2.3.2. In vergunningvoorschrift 1.2.3 is bepaald dat, kort weergegeven, vergunninghoudster eenmaal per drie jaar een milieujaarverslag dient op te stellen en aan het bevoegd gezag ter kennisneming dient te geven. In dit milieujaarverslag wordt de stand van zaken weergegeven met betrekking tot de uitvoering van maatregelen, onderzoeken en de resultaten daarvan, de registratie van de milieubelasting in het voorafgaande jaar alsmede de voorgenomen maatregelen en onderzoeken voor het komende jaar. In het milieujaarverslag dienen in ieder geval rapportages van de ingevolge de vergunning uitgevoerde metingen, onderzoeken en inspecties te worden opgenomen, alsook – kort samengevat - de afvalstoffenregistratie en een overzicht van klachten en ongewone voorvallen.

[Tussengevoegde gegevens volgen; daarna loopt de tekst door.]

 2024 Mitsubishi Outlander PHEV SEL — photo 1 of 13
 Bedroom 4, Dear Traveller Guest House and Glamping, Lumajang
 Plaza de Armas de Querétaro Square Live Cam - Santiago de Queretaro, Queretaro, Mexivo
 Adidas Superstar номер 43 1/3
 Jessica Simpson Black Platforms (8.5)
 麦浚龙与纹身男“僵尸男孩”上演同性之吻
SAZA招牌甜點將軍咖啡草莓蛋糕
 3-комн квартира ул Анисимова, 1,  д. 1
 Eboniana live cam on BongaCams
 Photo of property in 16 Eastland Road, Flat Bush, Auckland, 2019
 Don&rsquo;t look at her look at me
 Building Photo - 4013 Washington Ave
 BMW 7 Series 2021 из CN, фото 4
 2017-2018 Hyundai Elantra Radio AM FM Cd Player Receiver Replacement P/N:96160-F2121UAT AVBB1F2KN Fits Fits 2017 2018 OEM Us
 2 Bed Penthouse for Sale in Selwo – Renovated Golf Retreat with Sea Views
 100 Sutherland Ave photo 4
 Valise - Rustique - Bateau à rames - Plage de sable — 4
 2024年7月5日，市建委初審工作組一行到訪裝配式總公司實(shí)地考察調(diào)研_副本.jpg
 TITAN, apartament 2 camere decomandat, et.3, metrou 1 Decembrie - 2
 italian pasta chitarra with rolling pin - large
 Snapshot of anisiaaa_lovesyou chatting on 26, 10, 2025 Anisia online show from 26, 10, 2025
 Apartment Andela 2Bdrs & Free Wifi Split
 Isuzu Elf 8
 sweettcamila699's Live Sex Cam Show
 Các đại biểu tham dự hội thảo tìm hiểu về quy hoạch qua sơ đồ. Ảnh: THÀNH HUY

2.3.3. Verweerder heeft ter zitting verklaard dat niet is bedoeld andere zaken te doen registreren dan al uit de andere in de vergunning opgenomen voorschriften voortvloeit. De Afdeling is van oordeel dat dit niet duidelijk blijkt uit het bedoelde vergunningvoorschrift 1.2.3. Nu verweerder kennelijk heeft beoogd iets anders voor te schrijven dan kan worden afgeleid uit vergunningvoorschrift 1.2.3, is het bestreden besluit op dit punt in strijd met het beginsel dat een besluit zorgvuldig dient te worden genomen. Gelet hierop treft deze beroepsgrond doel en komt het bestreden besluit op dit punt voor vernietiging in aanmerking.
2.4. Appellante stelt dat niet duidelijk is welke verplichtingen uit vergunningvoorschrift 1.6.2 voortvloeien, zodat het voorschrift in strijd is met de rechtszekerheid.
2.4.1. Volgens verweerder blijkt uit de aanvraag om vergunning niet dat het terrein zodanig wordt afgeschermd dat onbevoegden het terrein niet kunnen betreden, terwijl dit gelet op de gevaarlijke stoffen die op het terrein van de inrichting worden opgeslagen nodig is. Verweerder acht het niet onduidelijk op welke wijze aan het voorschrift kan worden voldaan.
2.4.2. Vergunningvoorschrift 1.6.2 bepaalt dat rondom het terrein van de inrichting, behoudens ter plaatse van bebouwing en de noodzakelijke toegang(en), een zodanig dichte afrastering aanwezig moet zijn dat onbevoegden geen toegang tot het bedrijfsterrein kunnen verkrijgen.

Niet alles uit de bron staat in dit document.